RECORDS TO USE:
__________
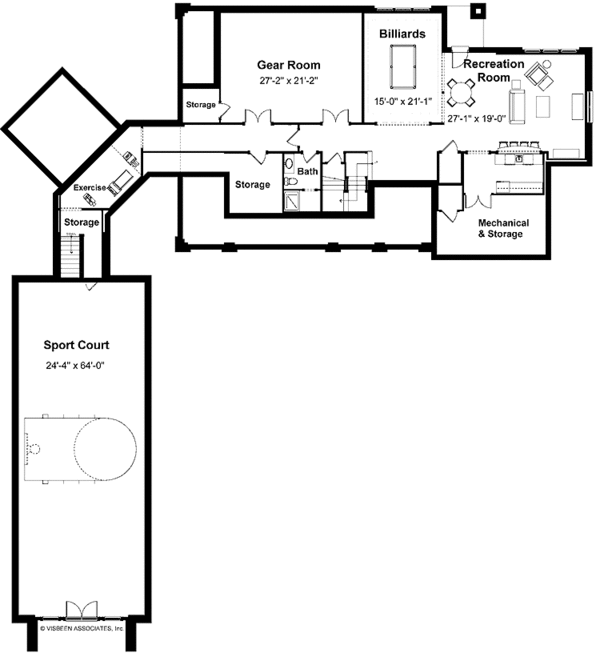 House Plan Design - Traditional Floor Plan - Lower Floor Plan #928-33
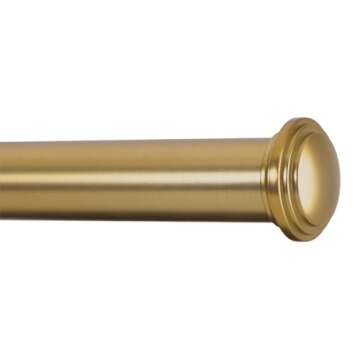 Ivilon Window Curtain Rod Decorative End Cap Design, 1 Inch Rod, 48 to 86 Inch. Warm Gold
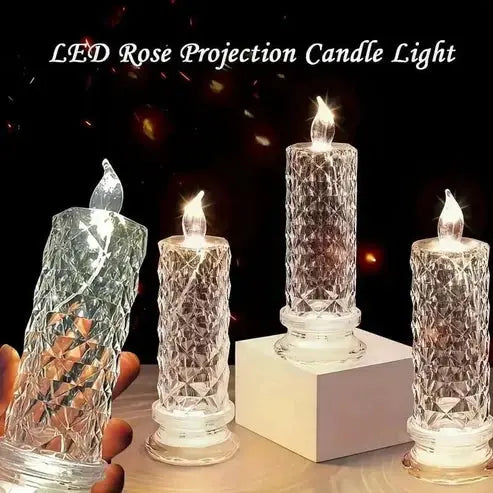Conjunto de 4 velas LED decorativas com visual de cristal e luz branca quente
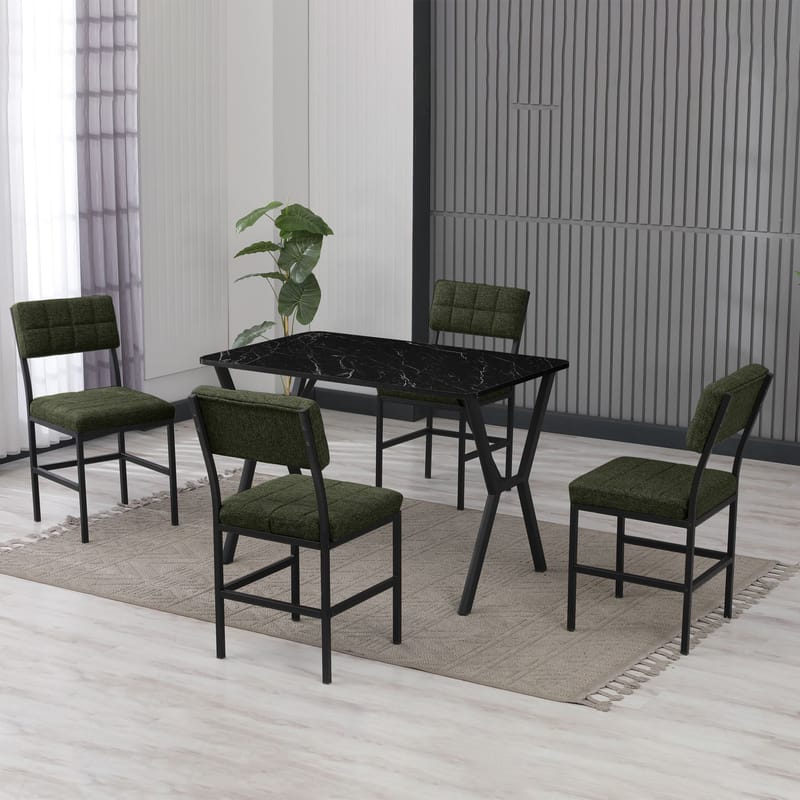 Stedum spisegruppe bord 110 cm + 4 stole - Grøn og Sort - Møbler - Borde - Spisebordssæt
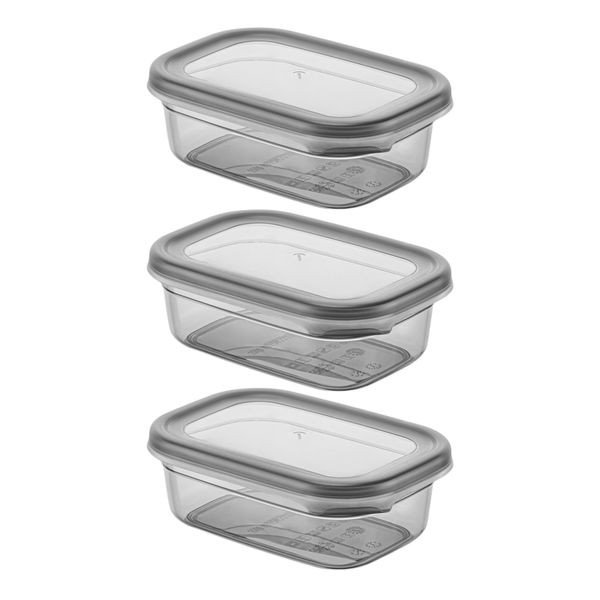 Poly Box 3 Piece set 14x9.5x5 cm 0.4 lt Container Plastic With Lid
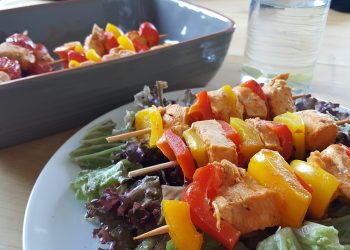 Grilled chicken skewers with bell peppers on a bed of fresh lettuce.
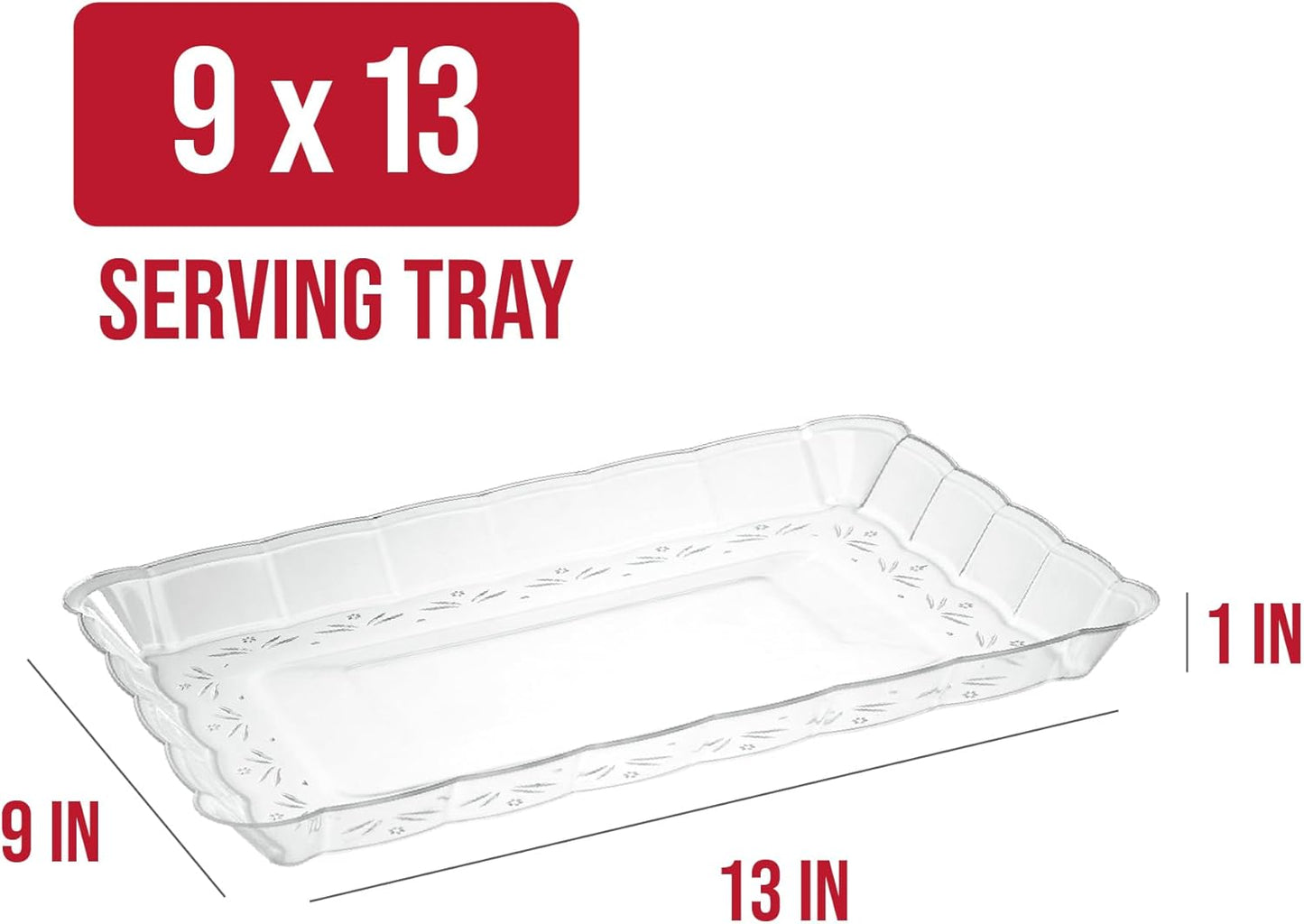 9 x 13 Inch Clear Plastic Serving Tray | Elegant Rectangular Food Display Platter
__________
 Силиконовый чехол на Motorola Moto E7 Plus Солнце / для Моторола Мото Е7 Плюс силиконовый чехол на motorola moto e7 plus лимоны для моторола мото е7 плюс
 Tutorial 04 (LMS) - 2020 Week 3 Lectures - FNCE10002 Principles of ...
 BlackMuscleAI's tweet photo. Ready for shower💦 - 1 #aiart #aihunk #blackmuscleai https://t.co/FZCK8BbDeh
__________
WORK INSTRUCTION: Of the lines above, copy only those from the one holding "Poly Box 3 Piece" to the one holding "9 x 13 Inch", both included, and exclude every image.

REPLY TO THE EXERCISE:
 Poly Box 3 Piece set 14x9.5x5 cm 0.4 lt Container Plastic With Lid
 Grilled chicken skewers with bell peppers on a bed of fresh lettuce.
 9 x 13 Inch Clear Plastic Serving Tray | Elegant Rectangular Food Display Platter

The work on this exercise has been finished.